BEGIN PROVIDED INFORMATION
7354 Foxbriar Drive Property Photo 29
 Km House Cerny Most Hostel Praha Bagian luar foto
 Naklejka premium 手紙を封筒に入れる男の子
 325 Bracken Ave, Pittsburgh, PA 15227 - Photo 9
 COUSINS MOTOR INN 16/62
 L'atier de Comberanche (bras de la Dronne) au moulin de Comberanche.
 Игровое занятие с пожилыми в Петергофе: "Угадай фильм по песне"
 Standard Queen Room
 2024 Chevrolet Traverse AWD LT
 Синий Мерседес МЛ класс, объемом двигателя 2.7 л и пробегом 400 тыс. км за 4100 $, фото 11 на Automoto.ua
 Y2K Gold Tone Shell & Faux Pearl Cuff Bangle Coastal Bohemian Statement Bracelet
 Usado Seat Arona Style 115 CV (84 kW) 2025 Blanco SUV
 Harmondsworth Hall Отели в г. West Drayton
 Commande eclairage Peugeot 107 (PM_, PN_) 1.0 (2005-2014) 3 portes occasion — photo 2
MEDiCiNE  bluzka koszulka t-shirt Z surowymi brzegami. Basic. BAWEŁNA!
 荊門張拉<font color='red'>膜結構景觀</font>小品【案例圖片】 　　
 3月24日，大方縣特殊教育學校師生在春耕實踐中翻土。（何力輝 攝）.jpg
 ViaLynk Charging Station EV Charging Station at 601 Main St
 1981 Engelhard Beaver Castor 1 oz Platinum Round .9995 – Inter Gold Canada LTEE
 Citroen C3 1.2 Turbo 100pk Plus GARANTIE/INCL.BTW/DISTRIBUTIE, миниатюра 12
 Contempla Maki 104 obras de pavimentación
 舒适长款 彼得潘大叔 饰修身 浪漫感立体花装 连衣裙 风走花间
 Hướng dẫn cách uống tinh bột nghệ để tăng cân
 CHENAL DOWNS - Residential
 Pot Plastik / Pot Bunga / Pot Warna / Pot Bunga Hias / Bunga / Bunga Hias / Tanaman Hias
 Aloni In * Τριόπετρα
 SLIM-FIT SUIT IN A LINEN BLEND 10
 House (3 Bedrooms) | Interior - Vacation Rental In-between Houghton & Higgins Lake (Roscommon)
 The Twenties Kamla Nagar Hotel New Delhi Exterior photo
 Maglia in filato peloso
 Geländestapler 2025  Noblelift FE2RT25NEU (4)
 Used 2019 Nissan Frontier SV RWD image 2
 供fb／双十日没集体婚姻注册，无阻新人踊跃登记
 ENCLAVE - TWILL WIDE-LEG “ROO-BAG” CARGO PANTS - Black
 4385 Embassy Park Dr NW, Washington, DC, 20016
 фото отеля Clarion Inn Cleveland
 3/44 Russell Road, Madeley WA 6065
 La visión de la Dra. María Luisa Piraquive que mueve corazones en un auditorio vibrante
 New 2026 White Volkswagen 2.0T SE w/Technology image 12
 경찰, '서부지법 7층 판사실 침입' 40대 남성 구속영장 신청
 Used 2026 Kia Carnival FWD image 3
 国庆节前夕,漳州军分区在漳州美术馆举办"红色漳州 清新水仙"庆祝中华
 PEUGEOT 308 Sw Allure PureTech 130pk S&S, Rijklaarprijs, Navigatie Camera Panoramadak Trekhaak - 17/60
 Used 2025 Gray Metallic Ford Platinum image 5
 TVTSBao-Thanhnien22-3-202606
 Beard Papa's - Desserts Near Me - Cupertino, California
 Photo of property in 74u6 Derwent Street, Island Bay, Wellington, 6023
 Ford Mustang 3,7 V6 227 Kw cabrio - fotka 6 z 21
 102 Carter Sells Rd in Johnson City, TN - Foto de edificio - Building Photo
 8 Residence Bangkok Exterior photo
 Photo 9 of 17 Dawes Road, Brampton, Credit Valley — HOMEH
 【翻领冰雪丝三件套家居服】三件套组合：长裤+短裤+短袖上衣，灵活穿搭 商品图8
END PROVIDED INFORMATION
Copy word for word the stretch of entries above from the line that has "1981 Engelhard Beaver" through the line that has "ENCLAVE - TWILL", both ends included, and nothing outside it.

 1981 Engelhard Beaver Castor 1 oz Platinum Round .9995 – Inter Gold Canada LTEE
 Citroen C3 1.2 Turbo 100pk Plus GARANTIE/INCL.BTW/DISTRIBUTIE, миниатюра 12
 Contempla Maki 104 obras de pavimentación
 舒适长款 彼得潘大叔 饰修身 浪漫感立体花装 连衣裙 风走花间
 Hướng dẫn cách uống tinh bột nghệ để tăng cân
 CHENAL DOWNS - Residential
 Pot Plastik / Pot Bunga / Pot Warna / Pot Bunga Hias / Bunga / Bunga Hias / Tanaman Hias
 Aloni In * Τριόπετρα
 SLIM-FIT SUIT IN A LINEN BLEND 10
 House (3 Bedrooms) | Interior - Vacation Rental In-between Houghton & Higgins Lake (Roscommon)
 The Twenties Kamla Nagar Hotel New Delhi Exterior photo
 Maglia in filato peloso
 Geländestapler 2025  Noblelift FE2RT25NEU (4)
 Used 2019 Nissan Frontier SV RWD image 2
 供fb／双十日没集体婚姻注册，无阻新人踊跃登记
 ENCLAVE - TWILL WIDE-LEG “ROO-BAG” CARGO PANTS - Black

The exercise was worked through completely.